{ } Raw JSON

bundles / numpy 2.4.4 / numpy / isin

_ArrayFunctionDispatcher

numpy:isin

source: /numpy/lib/_arraysetops_impl.py :958

Signature

def   isin ( element test_elements assume_unique = False invert = False * kind = None )

Summary

Calculates element in test_elements, broadcasting over element only. Returns a boolean array of the same shape as element that is True where an element of element is in test_elements and False otherwise.

Parameters

element : array_like

Input array.

test_elements : array_like

The values against which to test each value of element. This argument is flattened if it is an array or array_like. See notes for behavior with non-array-like parameters.

assume_unique : bool, optional

If True, the input arrays are both assumed to be unique, which can speed up the calculation. Default is False.

invert : bool, optional

If True, the values in the returned array are inverted, as if calculating element not in test_elements. Default is False. np.isin(a, b, invert=True) is equivalent to (but faster than) np.invert(np.isin(a, b)).

kind : {None, 'sort', 'table'}, optional

The algorithm to use. This will not affect the final result, but will affect the speed and memory use. The default, None, will select automatically based on memory considerations.

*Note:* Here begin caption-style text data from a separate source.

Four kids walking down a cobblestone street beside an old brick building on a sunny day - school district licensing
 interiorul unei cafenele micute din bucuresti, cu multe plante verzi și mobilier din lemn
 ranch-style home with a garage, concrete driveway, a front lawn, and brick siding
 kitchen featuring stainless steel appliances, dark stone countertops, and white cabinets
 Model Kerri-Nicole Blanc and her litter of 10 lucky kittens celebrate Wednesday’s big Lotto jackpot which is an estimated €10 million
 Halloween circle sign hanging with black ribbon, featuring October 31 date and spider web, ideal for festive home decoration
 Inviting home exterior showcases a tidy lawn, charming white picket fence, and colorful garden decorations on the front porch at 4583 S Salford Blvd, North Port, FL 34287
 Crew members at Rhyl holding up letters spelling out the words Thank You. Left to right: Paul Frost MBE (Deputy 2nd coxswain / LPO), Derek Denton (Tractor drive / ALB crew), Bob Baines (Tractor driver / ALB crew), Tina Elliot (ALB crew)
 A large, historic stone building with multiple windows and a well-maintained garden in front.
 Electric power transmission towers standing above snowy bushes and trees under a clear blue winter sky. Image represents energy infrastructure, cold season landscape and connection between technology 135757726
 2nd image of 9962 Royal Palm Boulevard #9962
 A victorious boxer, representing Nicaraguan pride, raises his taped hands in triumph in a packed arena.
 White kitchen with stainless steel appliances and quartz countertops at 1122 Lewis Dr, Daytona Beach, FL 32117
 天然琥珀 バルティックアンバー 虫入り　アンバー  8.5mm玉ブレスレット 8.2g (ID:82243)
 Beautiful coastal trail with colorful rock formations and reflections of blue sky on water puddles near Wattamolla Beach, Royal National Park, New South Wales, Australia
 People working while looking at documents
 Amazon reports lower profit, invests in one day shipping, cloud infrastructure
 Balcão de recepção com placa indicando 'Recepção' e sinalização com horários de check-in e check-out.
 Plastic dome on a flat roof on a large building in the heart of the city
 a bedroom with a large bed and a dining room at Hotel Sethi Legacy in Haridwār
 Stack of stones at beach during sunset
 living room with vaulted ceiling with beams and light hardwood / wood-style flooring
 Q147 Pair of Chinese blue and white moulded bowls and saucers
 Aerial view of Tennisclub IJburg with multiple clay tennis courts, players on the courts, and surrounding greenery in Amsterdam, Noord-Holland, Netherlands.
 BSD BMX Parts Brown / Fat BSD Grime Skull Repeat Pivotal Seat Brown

  • If 'sort', will use a mergesort-based approach. This will have a memory usage of roughly 6 times the sum of the sizes of element and test_elements, not accounting for size of dtypes.

  • If 'table', will use a lookup table approach similar to a counting sort. This is only available for boolean and integer arrays. This will have a memory usage of the size of element plus the max-min value of test_elements. assume_unique has no effect when the 'table' option is used.

  • If None, will automatically choose 'table' if the required memory allocation is less than or equal to 6 times the sum of the sizes of element and test_elements, otherwise will use 'sort'. This is done to not use a large amount of memory by default, even though 'table' may be faster in most cases. If 'table' is chosen, assume_unique will have no effect.

Returns

isin : ndarray, bool

Has the same shape as element. The values element[isin] are in test_elements.

Notes

isin is an element-wise function version of the python keyword in. isin(a, b) is roughly equivalent to np.array([item in b for item in a]) if a and b are 1-D sequences.

element and test_elements are converted to arrays if they are not already. If test_elements is a set (or other non-sequence collection) it will be converted to an object array with one element, rather than an array of the values contained in test_elements. This is a consequence of the array constructor's way of handling non-sequence collections. Converting the set to a list usually gives the desired behavior.

Using kind='table' tends to be faster than kind='sort' if the following relationship is true: log10(len(test_elements)) > (log10(max(test_elements)-min(test_elements)) - 2.27) / 0.927, but may use greater memory. The default value for kind will be automatically selected based only on memory usage, so one may manually set kind='table' if memory constraints can be relaxed.

Examples

import numpy as np
element = 2*np.arange(4).reshape((2, 2))
element
test_elements = [1, 2, 4, 8]
mask = np.isin(element, test_elements)
mask
element[mask]
The indices of the matched values can be obtained with `nonzero`:
np.nonzero(mask)
The test can also be inverted:
mask = np.isin(element, test_elements, invert=True)
mask
element[mask]
Because of how `array` handles sets, the following does not work as expected:
test_set = {1, 2, 4, 8}
np.isin(element, test_set)
Casting the set to a list gives the expected result:
np.isin(element, list(test_set))

Aliases

  • numpy.isin